With the limits you have imposed on your SQL WHERE predicate, it is possible to create a regular expression which extracts the comparison expressions while accounting for constructs like (DATETIME('NOW'))
.
The regular expression i will show and explain requires the WHERE predicate to be syntactically correct. If the WHERE predicate has syntax errors, the regular expression might either not match or produce rubbish results.
The regular expression in its full glory (white-spaces added to enhance readability!):
\w[\w\d]* \s*[<>=]{1,2}\s* ( \?|\w[\w\d]*|(\w[\w\d]*)*((?<PR>\()|(?<-PR>\))|[^()])+ )
While it is certainly not a very long regular expression, it can be nevertheless hard to read and understand. Thus, let's deconstruct this regular expression and explain its several parts. To do so, we will first take a look at what we actually want to extract from the WHERE predicate.
Every expression we want to extract from the WHERE predicate follows the same basic pattern:
SomeIdentifierWithoutParantheses =|<=|>=|<> SomeOtherThingWithOrWithoutParentheses
This (lofty description of a) pattern is sufficient to get an understanding of what the regular expression needs to match to extract the desired parts from the WHERE predicate.
The first part \w[\w\d]*
in our regular expression matches SomeIdentifierWithoutParantheses. This can be any identifier that starts with an alphanumeric character, followed by other alphanumeric characters and/or numerical digits. Examples for such an identifier would be ProjectNumber and My1Ident23.
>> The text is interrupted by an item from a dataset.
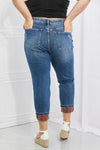 Judy Blue Paisley Patch Cuff Boyfriend Jeans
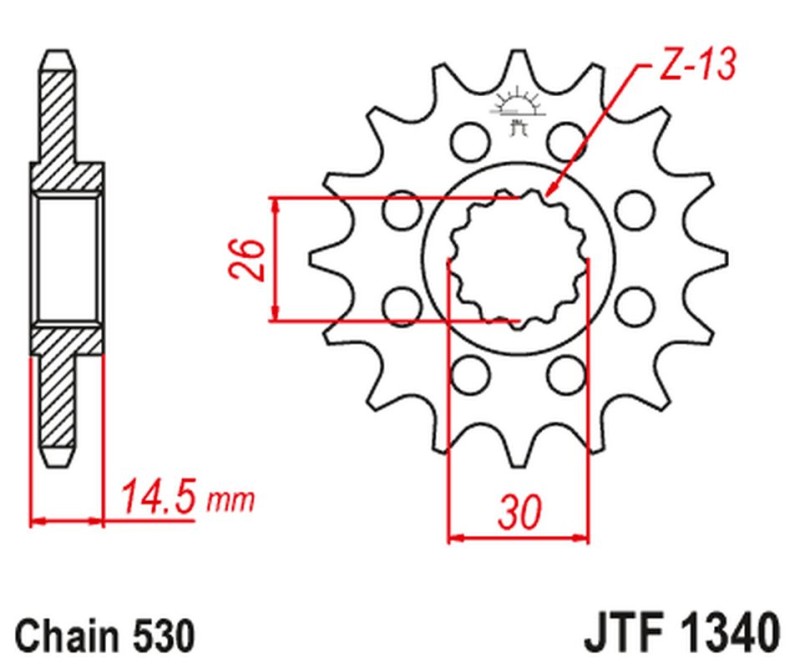 JT ZĘBATKA PRZEDNIA 1340 18 HONDA CB 1100 SA / EX '14-'19, CB 1100 RS 17-'20 (JTF1340.18) (ŁAŃC. 530) (1)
The second part in the regular expression, \s*[<>=]{1,2}\s*
, matches the comparison operands =
, <=
, >=
and <>
, inclusive any white-spaces before and following after the comparison operator. (Well, it would also match nonsense like =<
, but -as said in the beginning- we assume syntactically correct SQL.)
The third part of the regular expression matches the second operand following the comparision operator, and this looks admittedly somewhat unwieldy: ( \?|\w[\w\d]*|(\w[\w\d]*)*((?<PR>\()|(?<-PR>\))|[^()])+ )
. Let's deconstruct this part of the regular expression somewhat further. As you might perhaps already noticed, the whole thing is an alternation with three alternate options, which will be explained in the following.
\?
obviously matches a single question mark (as in "ProjectNumber=?"). \w[\w\d]*
matches an identifier in the same way as the first operand has been matched.
(\w[\w\d]*)*((?<PR>\()|(?<-PR>\))|[^()])+
contains a specialty of the RegEx engine in .NET: balanced groups. Using such a construct with balanced groups allows the regular expression to match operands which contain (nested) groups of parentheses (
-)
like DATETIME('NOW') or (DATETIME('NOW')).
For another question here on StackOverflow, Martin Büttner has given a great explanation about balanced groups (the topic of the question is "What are regular expression Balancing Groups?") and i would like to point anyone who does not know about balanced groups to his answer (click here to navigate to Martin's answer). Another good explanation can be found on CodeProject.
You will notice that there is nothing that deals with the Boolean operators such as AND or OR. This is not necessary, since these Boolean operators are not part of the pattern which is being matched by the regular expression. (Remember the lofty description of the pattern above?)
How would such an regular expression being used in C# to extract the desired parts from the WHERE predicate?
First, please notice that i will continue using white-spaces in the regular expression for increased readability. This requires RegEx initialization using RegexOptions.IgnorePatternWhitespace or the "(?x)" inline option. In the code below, i use the former.
To extract all parts from the WHERE predicate, the RegEx.Matches method will be used, which returns a collection of Match objects. Each Match object represents an extracted part.
Regex re = new Regex(
@"\w[\w\d]* \s*[<>=]{1,2}\s* ( \?|\w[\w\d]*|(\w[\w\d]*)*((?<PR>\()|(?<-PR>\))|[^()])+ )",
RegexOptions.IgnorePatternWhitespace | RegexOptions.Compiled
);
string wherePredicate =
"(ProjectNumber=? AND severity=5) OR DueDate < (DATETIME('NOW'))";
// or use any other WHERE predicate string here...
MatchCollection mc = re.Matches(wherePredicate);
if (mc.Count == 0)
Console.WriteLine("No matches found.");
else
foreach (Match m in mc)
Console.WriteLine("\"{0}\"", m.Value);
You can experiment with the regular expression and different input strings online with the help of the Regex Storm .NET Regex tester.